Do you want to know how Wikipedia was able to become such an incredible success? Who the people behind its success are? The best book to learn about the history and the culture of Wikipedia is Andrew Lih’s new book “The Wikipedia Revolution“, launched last week. He was at Harvard last night to give a talk and do an interview with Berkman Fellow and distinguished internet scholar David Weinberger.

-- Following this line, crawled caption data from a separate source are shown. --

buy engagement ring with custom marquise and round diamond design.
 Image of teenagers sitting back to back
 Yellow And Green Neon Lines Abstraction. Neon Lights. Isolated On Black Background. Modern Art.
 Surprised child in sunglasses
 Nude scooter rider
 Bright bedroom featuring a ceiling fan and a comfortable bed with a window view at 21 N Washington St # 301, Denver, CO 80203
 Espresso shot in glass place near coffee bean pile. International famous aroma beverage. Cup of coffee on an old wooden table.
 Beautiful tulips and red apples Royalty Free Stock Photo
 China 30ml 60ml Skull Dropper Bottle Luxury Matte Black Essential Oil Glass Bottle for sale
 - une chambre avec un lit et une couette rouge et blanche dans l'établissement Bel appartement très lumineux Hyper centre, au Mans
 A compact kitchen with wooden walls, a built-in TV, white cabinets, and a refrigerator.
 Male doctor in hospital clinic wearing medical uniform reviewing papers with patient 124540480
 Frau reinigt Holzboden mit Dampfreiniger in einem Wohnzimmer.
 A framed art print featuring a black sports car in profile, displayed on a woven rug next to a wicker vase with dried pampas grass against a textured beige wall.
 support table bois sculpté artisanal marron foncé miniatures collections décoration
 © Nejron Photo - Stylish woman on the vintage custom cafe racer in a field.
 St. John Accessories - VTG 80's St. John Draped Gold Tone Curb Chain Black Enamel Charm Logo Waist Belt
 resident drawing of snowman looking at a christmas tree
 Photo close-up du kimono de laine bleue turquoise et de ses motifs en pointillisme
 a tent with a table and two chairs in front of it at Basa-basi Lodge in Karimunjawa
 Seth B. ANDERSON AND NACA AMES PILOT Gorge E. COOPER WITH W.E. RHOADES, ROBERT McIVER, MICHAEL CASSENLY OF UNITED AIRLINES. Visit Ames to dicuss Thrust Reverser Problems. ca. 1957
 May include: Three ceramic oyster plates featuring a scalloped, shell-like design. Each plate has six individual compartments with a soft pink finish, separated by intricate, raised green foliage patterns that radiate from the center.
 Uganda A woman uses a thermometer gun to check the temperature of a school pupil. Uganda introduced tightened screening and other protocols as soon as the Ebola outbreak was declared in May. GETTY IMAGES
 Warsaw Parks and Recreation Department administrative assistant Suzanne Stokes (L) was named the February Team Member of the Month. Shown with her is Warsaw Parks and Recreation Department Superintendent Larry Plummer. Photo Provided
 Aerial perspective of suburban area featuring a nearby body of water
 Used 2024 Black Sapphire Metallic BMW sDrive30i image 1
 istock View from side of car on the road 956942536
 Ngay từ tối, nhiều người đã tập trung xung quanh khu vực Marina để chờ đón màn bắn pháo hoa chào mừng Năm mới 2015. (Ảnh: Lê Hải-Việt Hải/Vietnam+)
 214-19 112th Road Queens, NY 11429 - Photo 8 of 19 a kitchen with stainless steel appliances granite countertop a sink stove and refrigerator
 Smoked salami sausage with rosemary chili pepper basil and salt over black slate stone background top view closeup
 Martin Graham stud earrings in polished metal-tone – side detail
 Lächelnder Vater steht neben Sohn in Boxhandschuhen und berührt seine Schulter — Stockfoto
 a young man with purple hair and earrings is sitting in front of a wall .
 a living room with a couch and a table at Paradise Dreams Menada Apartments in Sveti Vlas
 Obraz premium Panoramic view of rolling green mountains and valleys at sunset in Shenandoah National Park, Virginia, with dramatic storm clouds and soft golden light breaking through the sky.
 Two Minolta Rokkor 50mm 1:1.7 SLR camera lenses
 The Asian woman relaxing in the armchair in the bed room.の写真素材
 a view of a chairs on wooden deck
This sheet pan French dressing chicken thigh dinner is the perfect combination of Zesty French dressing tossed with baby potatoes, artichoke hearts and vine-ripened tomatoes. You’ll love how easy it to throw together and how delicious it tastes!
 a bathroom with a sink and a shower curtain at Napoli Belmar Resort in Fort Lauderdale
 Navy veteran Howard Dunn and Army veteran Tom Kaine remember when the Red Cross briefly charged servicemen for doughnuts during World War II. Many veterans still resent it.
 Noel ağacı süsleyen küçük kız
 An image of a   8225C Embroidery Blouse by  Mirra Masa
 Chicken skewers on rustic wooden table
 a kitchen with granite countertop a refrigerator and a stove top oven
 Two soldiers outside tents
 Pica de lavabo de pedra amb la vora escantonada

Andrew shares with us his story of how he first came across Wikipedia – in many ways, it was a very different experience from most people. On February 9, 2003, Andrew was looking for his next research project – he has been studying online journalism and new media for a long time – and has been instrumental in creating the new media program at the Columbia J-school – he was told that he should take a look at this new site called Wikipedia – this amazing site that “anyone can edit”. Contrary to most people, he heard the principle first, before he saw the actual website. When he took the time to explore the site, he was immediately taken away with it, thinking “the crowd could not have written this” He looked at more pages, started using Wikipedia in class assignments, and became so fascinated with the project that he wanted to study it full-time.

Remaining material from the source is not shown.